ENTRIES SHOWN:
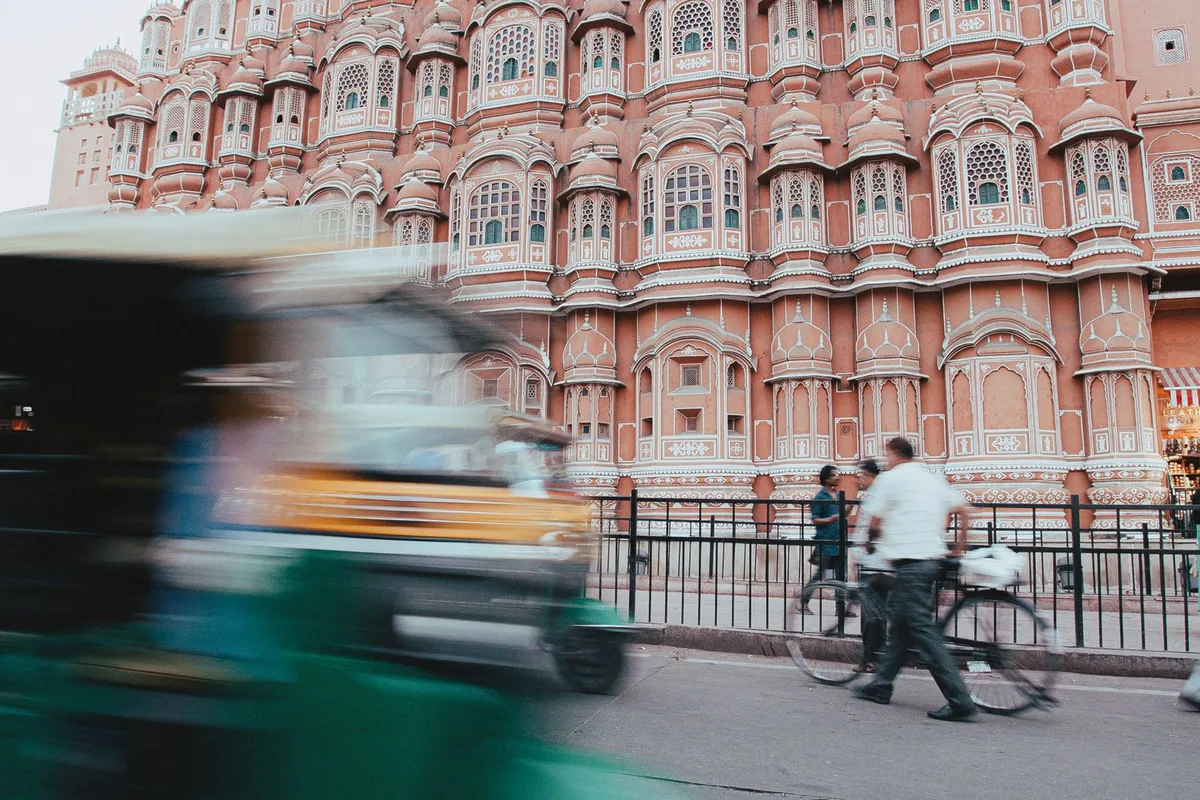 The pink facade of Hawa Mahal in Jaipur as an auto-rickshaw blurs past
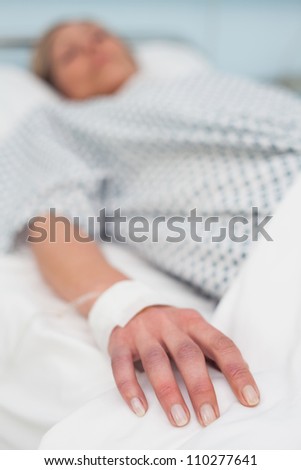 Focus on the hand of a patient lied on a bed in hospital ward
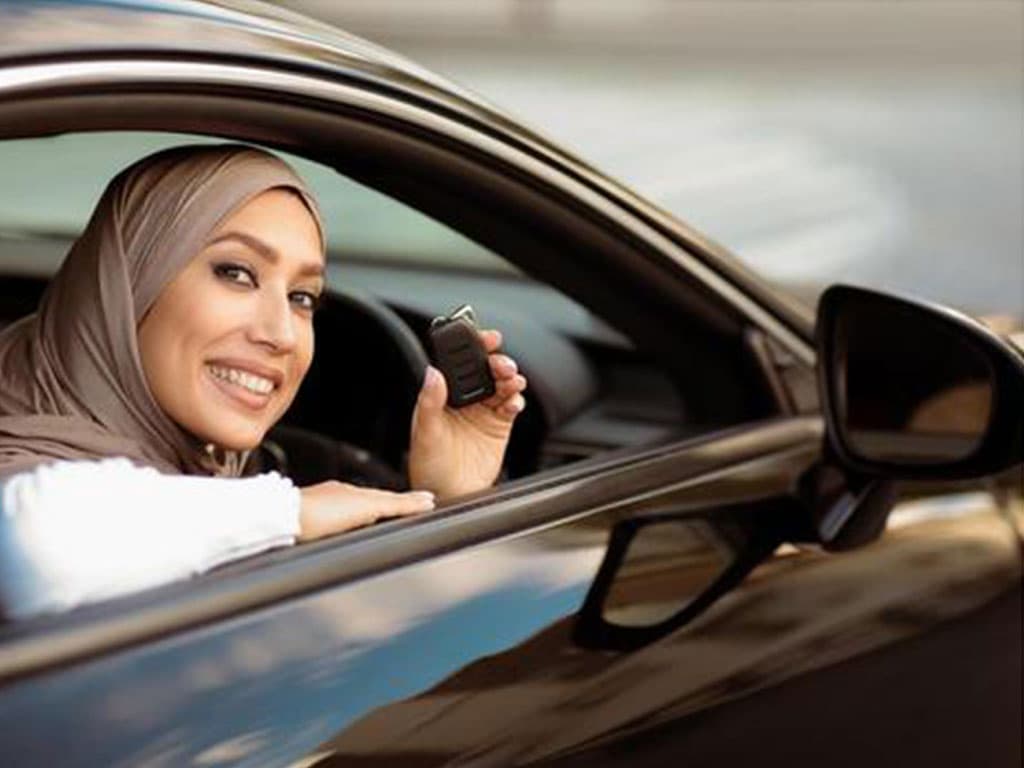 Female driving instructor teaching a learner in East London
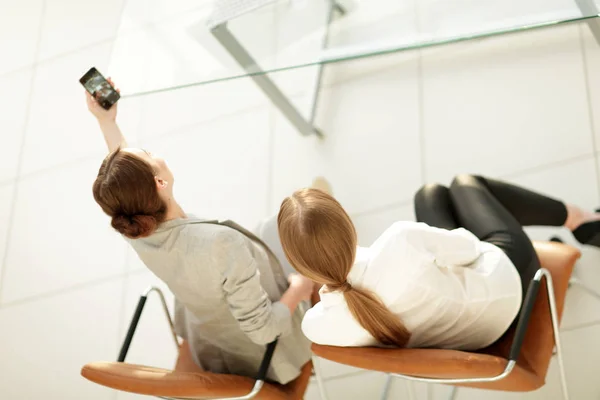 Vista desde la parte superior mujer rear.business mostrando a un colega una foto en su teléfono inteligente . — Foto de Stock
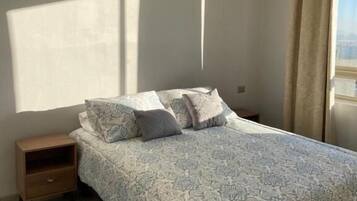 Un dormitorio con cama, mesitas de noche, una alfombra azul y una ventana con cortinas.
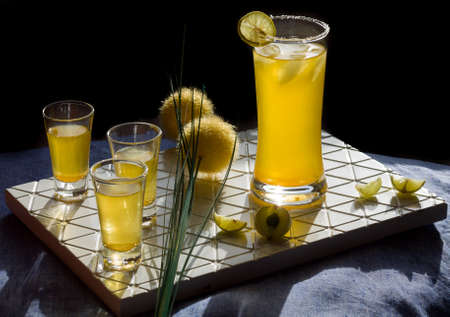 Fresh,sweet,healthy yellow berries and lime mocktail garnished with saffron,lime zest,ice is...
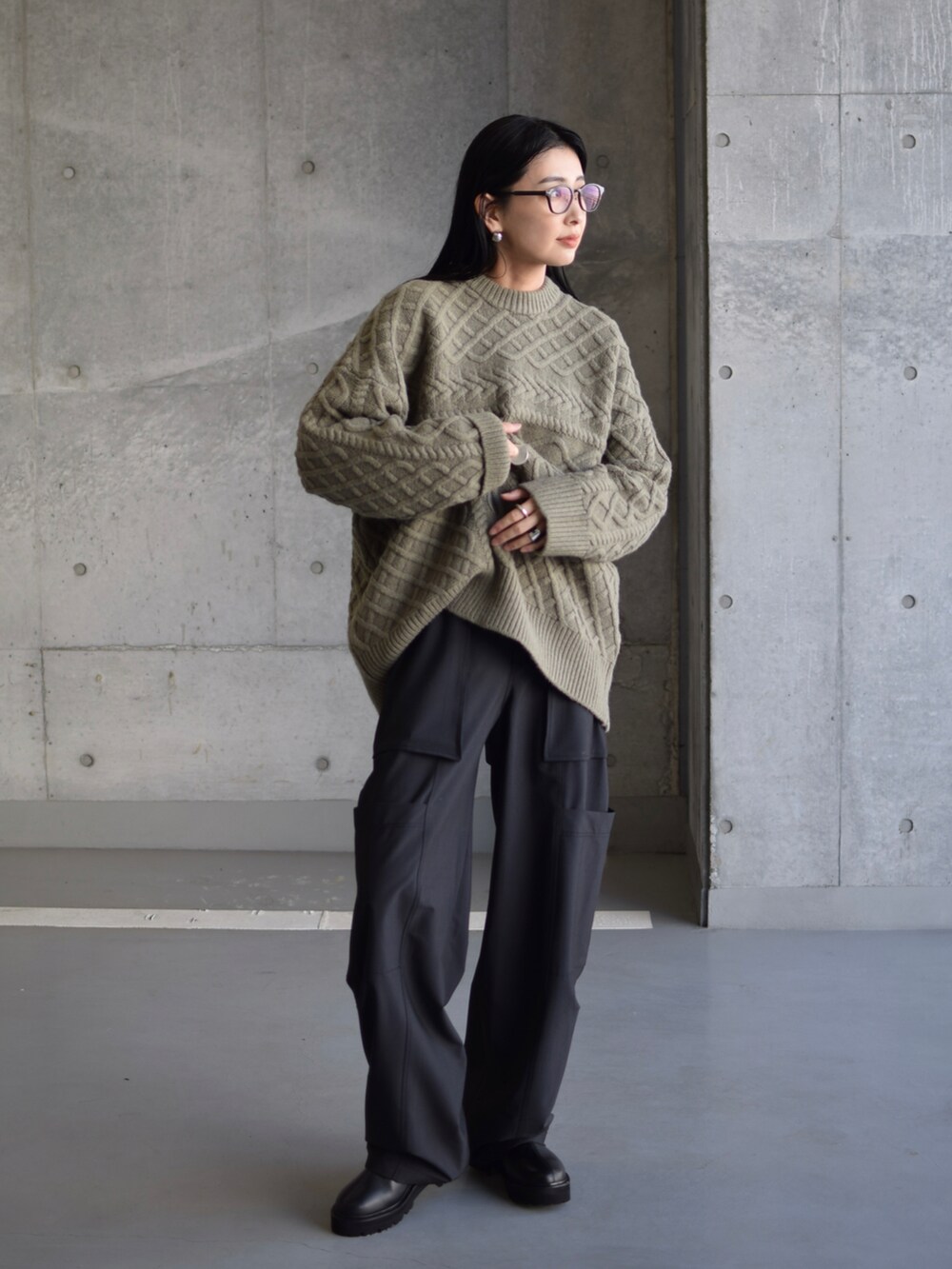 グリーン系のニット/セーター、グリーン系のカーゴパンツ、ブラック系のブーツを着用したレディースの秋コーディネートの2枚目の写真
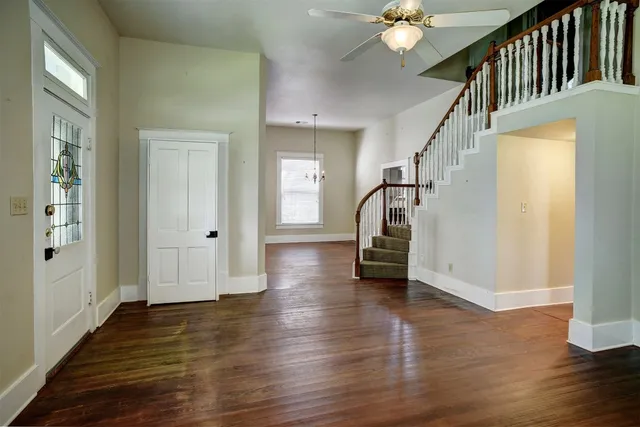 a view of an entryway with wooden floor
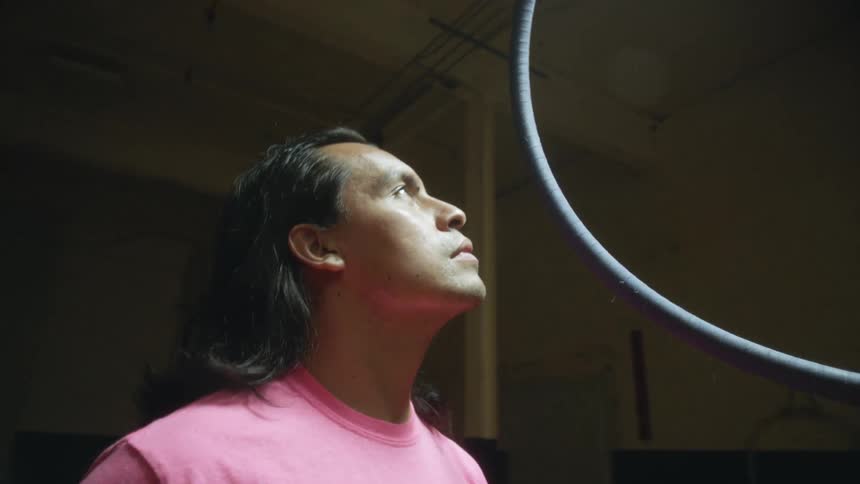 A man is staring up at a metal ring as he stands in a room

TRY IT:
Find the line that contains "a view of an entryway with wooden floor". Copy it and every line after it through the end of the listing exactly, but not the pictures.

SOLUTION TO THE PROBLEM:
 a view of an entryway with wooden floor
 A man is staring up at a metal ring as he stands in a room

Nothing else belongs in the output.